Australia’s commitment to coal is putting my country of Kiribati in danger
Constant change in the climate policies of Australia and New Zealand has been a huge disappointment to Pacific island nations
When I came into office as president of Kiribati in 2003, the Intergovernmental Panel on Climate Change (IPCC) had released its third assessment report and, like my predecessors, I believed the report’s projected rise in sea levels posed a real threat to the survival for those of us on the frontline. Accordingly, in my first address at the UN General Assembly in 2004 I drew attention to the dangers posed by climate change, especially to small island nations like Kiribati and other Pacific island countries.

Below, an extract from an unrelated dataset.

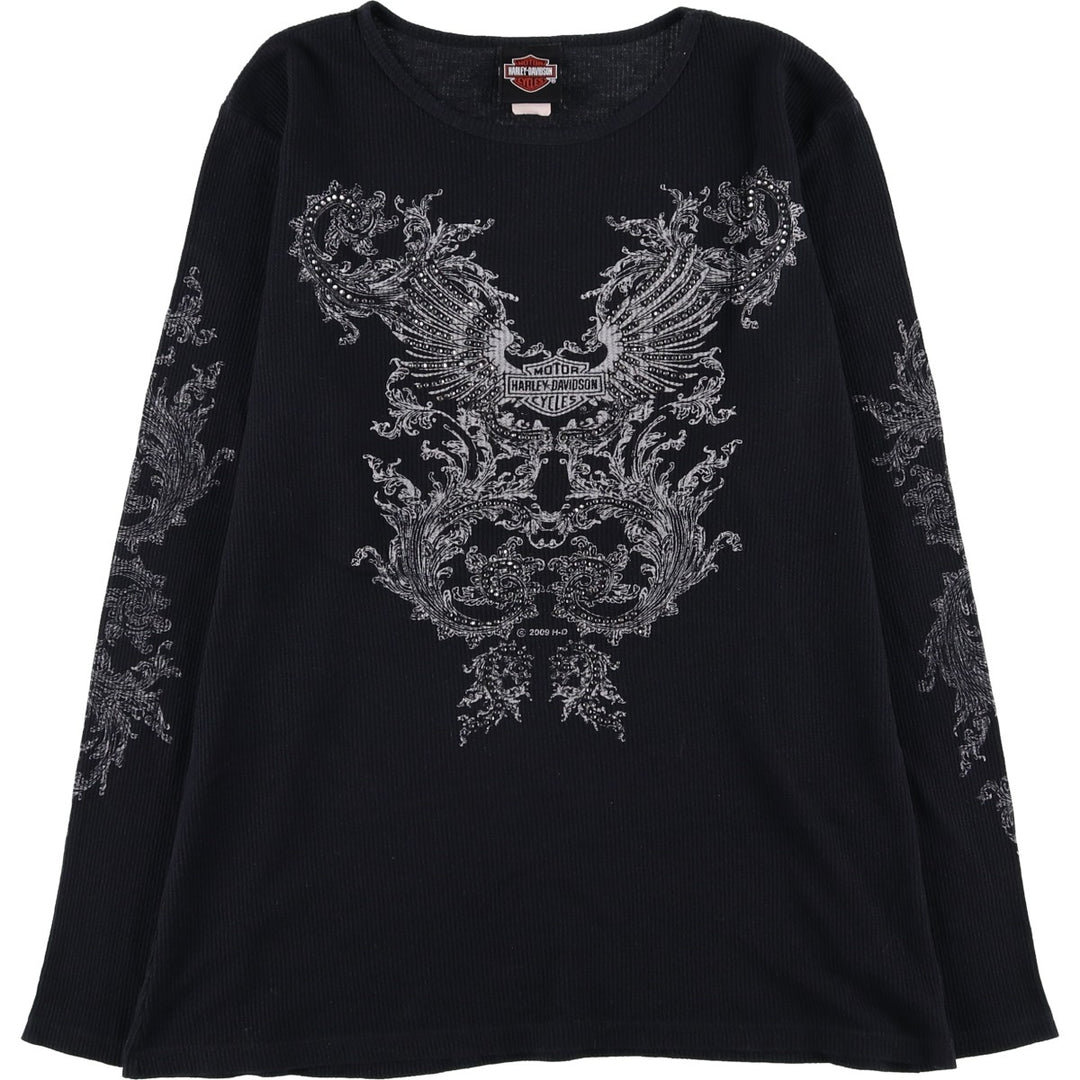 2000'S Harley-Davidson Thermal Long T-Shirt, Men's Size Medium unclear black type Vintage Second Hand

The fact that no other leader made any reference to it in their statement worried me and I wondered whether I might be making a fool of myself, especially when the focus of international attention at the time was on more real and present threats like terrorism. Thankfully by the next assembly, in 2005, other Pacific island leaders had joined the call for action. This has gathered great momentum in the years since.
But as the years rolled on, the fossil fuel lobby changed strategies, focusing their efforts on manipulating political leaders into making climate change into a partisan issue on which politicians could be ideologically divided.
It was therefore no surprise to hear this month, just before Cop26, that the Australian government tried to lobby the IPCC to water down the language of the latest report before its release. Today not only is the science on climate change rock-solid but countries which in the past did not regard the climate crisis as relevant to their lives are now beginning to experience unprecedented bushfires, deadly heatwaves and more powerful storms, among other effects.
This is incontrovertible evidence on the ground that the climate crisis is indeed global in nature and no longer a distant reality. Pacific leaders have, over the past two decades, consistently drawn attention to the existential threats faced by our people, but especially those in the low lying atoll islands from climate change. Now it is becoming increasingly clear that unless we as a global community can collectively rally to radically reduce our emissions, the future existence of all humanity on this planet is at risk.
The Pacific region, with the largest number of vulnerable island nations most at risk, has consistently been at the forefront of the campaign on climate change and the political and community leaders of the Pacific islands can be credited for much of the progress made in multilateral climate negotiations.
The one weakness in the force of our campaign has been the lack of unity with the larger members of our Pacific family. It has been a huge source of disappointment for us to witness the constant changes of climate policies with the eddies of political parties in power, in both Australia and New Zealand. It has always been, and continues to be, our hope that Australia – with its higher international profile – would provide us and the international community with the leadership we need on an issue of such critical importance to our people, our Pacific family.
The withdrawal of Australia’s support to climate financing through suspending its contributions to the Green Climate Fund was a huge blow to our expectations of building much needed climate resilience here in the Pacific islands. The additional $500m in bilateral aid committed by prime minister Scott Morrison at the Cop26 Summit this week, while a welcome increase, falls far short of what is required for building Pacific climate resilience.
But, worse still, is the Australian government’s continued commitment to extracting, burning and exporting the coal and gas that is putting my country in direct climate danger.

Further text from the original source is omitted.